Here's a handful of English mysteries. Puzzle over them.

King Arthur
Did he really exist? If he did, he wasn't the King Arthur of the movies with all the knights in shining armor and the ladies in the veiled cone hats. There seems to be some proof he was an ancient Saxon or Welsh king, but no one knows for sure.

The Princes in the Tower
What happened to them? Some historians say Richard III had them killed, some say it was Henry VII's mother, some say it Henry himself. Still others say they were never killed at all, but escaped to continental Europe and the younger prince showed up during Henry VII's reign, leading a rebellion against the Tudor king.

Anne Boylen
Was she really guilty of adultery or was it a trumped up charge? I believe she was innocent.
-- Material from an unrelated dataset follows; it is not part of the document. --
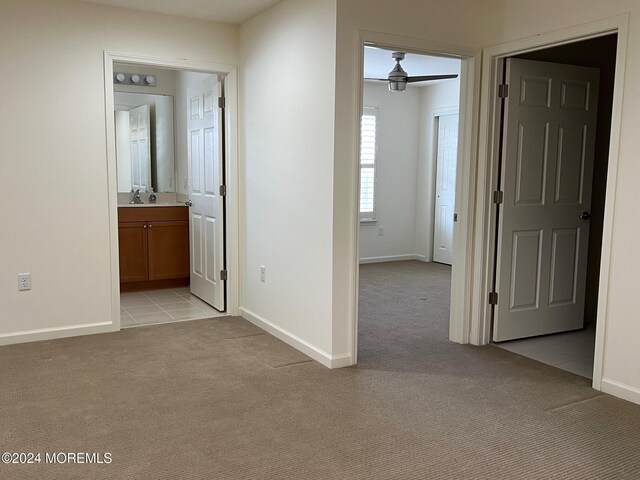 hallway featuring light colored carpet and sink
Anne Boleyn has always struck me as a rather clever woman, and fooling around on Henry VIII would have been an incredibly stupid and dangerous thing to do. On the other hand, however, she knew her life depended on giving Henry a son.

Mary, Queen of Scots
Did she write the Casket Letters? These were letters supposedly written by Mary to Lord Bothwell (whom she would later marry) showing her complicity in the murder of her second husband, Lord Darnley. No one knows if she was the author.

Jack the Ripper
Who was he? Theories have risen over the years, but the definitive answer has never been found.

Do you have a favourite historical mystery?


  1. I don't have a favorite, but like you, I love historical fiction and history in general. It's what I love so much about traveling in Europe. I get to see so much of it. When we went to Glastonbury, it is supposedly the sight of King Arthur's grave. Who's there if he didn't exist?

  2. Karen; Who knows? So much of King Arthur's story is legend and not based on factual history. This is why so many books are still being written giving new theories on who he really was - if he existed at all.

  3. All exciting mysteries here. I find mysteries everywhere.

  4. The King Arthur story/legend/myth, whatever is was or is a combination of has always fascinated me.

  5. Carol; Good for you! My biggest mysteries are "what's for dinner?" and "what did the cat just throw up?"

    Old Silly: I think its enduring fascination is that there's something in the story for everyone. I know many fans as well.

  6. Elspeth - Oooh, those are all wonderful mysteries to ponder; they really are. You've actually mentioned two of my favorites: King Arthur and Mary, Queen of Scots. Both of them intrigue me. Jack the Ripper is an interesting one, too... always, interesting "food for thought." Oh, and what about those stories of Robin Hood. How accurate are they? Did he really exist?

  7. Margot; I thought about adding Robin Hood to the mix- another fascinating mystery. His legend similar to King Arthur's in many ways. Coincidence?

  8. I always liked the "what happened to the Ninth Legion mystery" except these days it seems it was probably not wiped out in Britain at all.

  9. I liked Atlantis and the Lost Colony. :) But they're not English mysteries!